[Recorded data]
■ ■ ■ ■ ■
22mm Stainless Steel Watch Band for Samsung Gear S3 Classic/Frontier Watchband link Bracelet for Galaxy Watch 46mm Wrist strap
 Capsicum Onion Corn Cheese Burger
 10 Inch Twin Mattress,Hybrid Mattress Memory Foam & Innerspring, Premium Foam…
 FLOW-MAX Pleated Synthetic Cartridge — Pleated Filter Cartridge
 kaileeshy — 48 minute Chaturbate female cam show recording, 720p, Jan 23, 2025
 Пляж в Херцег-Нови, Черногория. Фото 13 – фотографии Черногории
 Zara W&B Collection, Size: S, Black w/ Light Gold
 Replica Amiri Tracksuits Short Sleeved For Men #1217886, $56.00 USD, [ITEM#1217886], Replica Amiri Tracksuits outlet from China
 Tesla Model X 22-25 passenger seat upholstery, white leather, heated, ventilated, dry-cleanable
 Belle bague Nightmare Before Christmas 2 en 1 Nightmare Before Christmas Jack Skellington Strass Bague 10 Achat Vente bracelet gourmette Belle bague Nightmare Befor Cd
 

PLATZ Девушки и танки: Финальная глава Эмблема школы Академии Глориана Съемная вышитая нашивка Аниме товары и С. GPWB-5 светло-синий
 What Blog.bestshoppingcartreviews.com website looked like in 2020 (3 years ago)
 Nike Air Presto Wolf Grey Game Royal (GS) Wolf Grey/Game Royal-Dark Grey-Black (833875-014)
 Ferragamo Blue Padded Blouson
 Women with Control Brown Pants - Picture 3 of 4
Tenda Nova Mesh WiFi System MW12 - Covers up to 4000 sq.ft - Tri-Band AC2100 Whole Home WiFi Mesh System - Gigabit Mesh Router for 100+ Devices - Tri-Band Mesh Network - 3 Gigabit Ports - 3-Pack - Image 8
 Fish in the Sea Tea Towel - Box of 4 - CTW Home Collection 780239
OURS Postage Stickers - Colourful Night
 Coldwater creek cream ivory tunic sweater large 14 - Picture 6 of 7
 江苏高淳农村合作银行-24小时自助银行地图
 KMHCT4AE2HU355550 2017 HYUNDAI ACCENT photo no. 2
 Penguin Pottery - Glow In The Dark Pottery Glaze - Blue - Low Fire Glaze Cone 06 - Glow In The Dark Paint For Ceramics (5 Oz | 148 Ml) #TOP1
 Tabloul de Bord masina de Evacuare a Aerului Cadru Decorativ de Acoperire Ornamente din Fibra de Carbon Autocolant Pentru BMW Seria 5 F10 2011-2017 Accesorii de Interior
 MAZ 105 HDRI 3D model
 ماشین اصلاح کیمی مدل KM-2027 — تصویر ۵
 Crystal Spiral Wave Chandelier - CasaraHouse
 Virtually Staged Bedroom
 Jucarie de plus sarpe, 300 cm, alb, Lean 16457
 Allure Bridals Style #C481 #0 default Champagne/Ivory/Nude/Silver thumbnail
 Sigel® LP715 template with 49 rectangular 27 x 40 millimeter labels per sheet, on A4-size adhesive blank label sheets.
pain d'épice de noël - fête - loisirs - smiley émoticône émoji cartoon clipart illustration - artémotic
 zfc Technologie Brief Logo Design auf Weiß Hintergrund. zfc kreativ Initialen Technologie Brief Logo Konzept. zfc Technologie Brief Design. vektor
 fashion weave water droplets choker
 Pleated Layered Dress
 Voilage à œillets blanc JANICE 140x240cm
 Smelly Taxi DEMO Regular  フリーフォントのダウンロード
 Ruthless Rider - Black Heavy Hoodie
■ ■ ■ ■ ■
_TASK GOAL_: Please write out the data again exactly as it stands.

_ANSWER SPACE_:
22mm Stainless Steel Watch Band for Samsung Gear S3 Classic/Frontier Watchband link Bracelet for Galaxy Watch 46mm Wrist strap
 Capsicum Onion Corn Cheese Burger
 10 Inch Twin Mattress,Hybrid Mattress Memory Foam & Innerspring, Premium Foam…
 FLOW-MAX Pleated Synthetic Cartridge — Pleated Filter Cartridge
 kaileeshy — 48 minute Chaturbate female cam show recording, 720p, Jan 23, 2025
 Пляж в Херцег-Нови, Черногория. Фото 13 – фотографии Черногории
 Zara W&B Collection, Size: S, Black w/ Light Gold
 Replica Amiri Tracksuits Short Sleeved For Men #1217886, $56.00 USD, [ITEM#1217886], Replica Amiri Tracksuits outlet from China
 Tesla Model X 22-25 passenger seat upholstery, white leather, heated, ventilated, dry-cleanable
 Belle bague Nightmare Before Christmas 2 en 1 Nightmare Before Christmas Jack Skellington Strass Bague 10 Achat Vente bracelet gourmette Belle bague Nightmare Befor Cd
 

PLATZ Девушки и танки: Финальная глава Эмблема школы Академии Глориана Съемная вышитая нашивка Аниме товары и С. GPWB-5 светло-синий
 What Blog.bestshoppingcartreviews.com website looked like in 2020 (3 years ago)
 Nike Air Presto Wolf Grey Game Royal (GS) Wolf Grey/Game Royal-Dark Grey-Black (833875-014)
 Ferragamo Blue Padded Blouson
 Women with Control Brown Pants - Picture 3 of 4
Tenda Nova Mesh WiFi System MW12 - Covers up to 4000 sq.ft - Tri-Band AC2100 Whole Home WiFi Mesh System - Gigabit Mesh Router for 100+ Devices - Tri-Band Mesh Network - 3 Gigabit Ports - 3-Pack - Image 8
 Fish in the Sea Tea Towel - Box of 4 - CTW Home Collection 780239
OURS Postage Stickers - Colourful Night
 Coldwater creek cream ivory tunic sweater large 14 - Picture 6 of 7
 江苏高淳农村合作银行-24小时自助银行地图
 KMHCT4AE2HU355550 2017 HYUNDAI ACCENT photo no. 2
 Penguin Pottery - Glow In The Dark Pottery Glaze - Blue - Low Fire Glaze Cone 06 - Glow In The Dark Paint For Ceramics (5 Oz | 148 Ml) #TOP1
 Tabloul de Bord masina de Evacuare a Aerului Cadru Decorativ de Acoperire Ornamente din Fibra de Carbon Autocolant Pentru BMW Seria 5 F10 2011-2017 Accesorii de Interior
 MAZ 105 HDRI 3D model
 ماشین اصلاح کیمی مدل KM-2027 — تصویر ۵
 Crystal Spiral Wave Chandelier - CasaraHouse
 Virtually Staged Bedroom
 Jucarie de plus sarpe, 300 cm, alb, Lean 16457
 Allure Bridals Style #C481 #0 default Champagne/Ivory/Nude/Silver thumbnail
 Sigel® LP715 template with 49 rectangular 27 x 40 millimeter labels per sheet, on A4-size adhesive blank label sheets.
pain d'épice de noël - fête - loisirs - smiley émoticône émoji cartoon clipart illustration - artémotic
 zfc Technologie Brief Logo Design auf Weiß Hintergrund. zfc kreativ Initialen Technologie Brief Logo Konzept. zfc Technologie Brief Design. vektor
 fashion weave water droplets choker
 Pleated Layered Dress
 Voilage à œillets blanc JANICE 140x240cm
 Smelly Taxi DEMO Regular  フリーフォントのダウンロード
 Ruthless Rider - Black Heavy Hoodie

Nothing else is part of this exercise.